● **Caption-style text data**
###

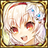 Kukuri icon.png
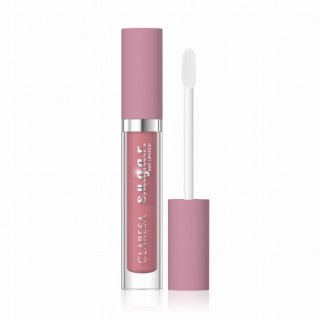 Claresa Mattierender flüssiger Lippenstift SUGAR Kinky /05/ 5 g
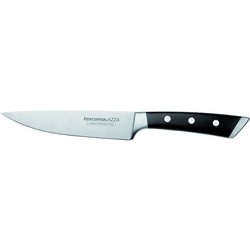 Кухонный нож TESCOMA 884533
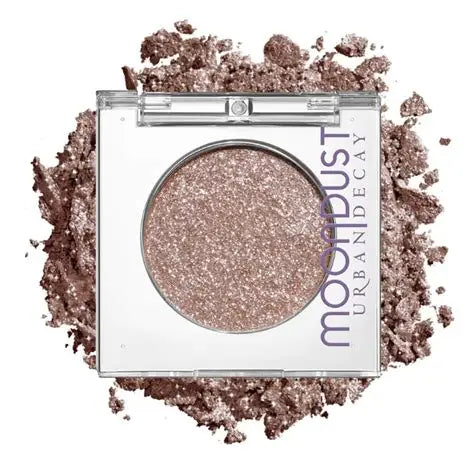 Urban Decay 衰敗城市 24/7 單色眼影|溜冰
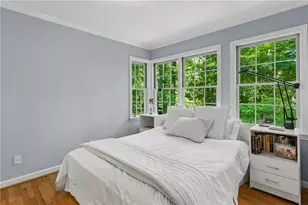 681 Upton Rd NW, Atlanta, GA 30318 - Photo 8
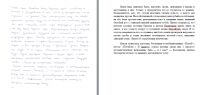 img1956410.png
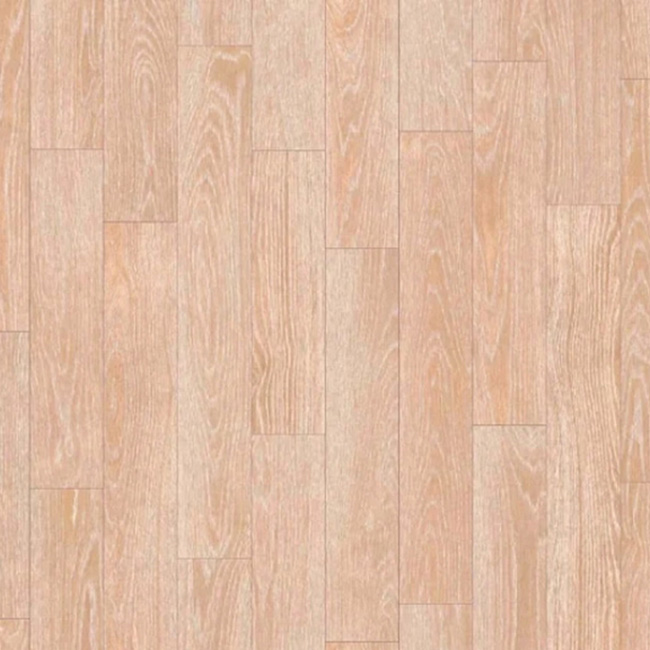 Juteks Magnit Flame 1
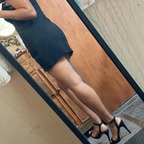 Mya avatar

###

● **Task to complete**
Give again, word for word, only the lines from the line containing "Urban Decay 衰敗城市 24/7 單色眼影|溜冰" through the last line above, both included; leave the pictures out.

● **Solved problem**
 Urban Decay 衰敗城市 24/7 單色眼影|溜冰
 681 Upton Rd NW, Atlanta, GA 30318 - Photo 8
 img1956410.png
 Juteks Magnit Flame 1
 Mya avatar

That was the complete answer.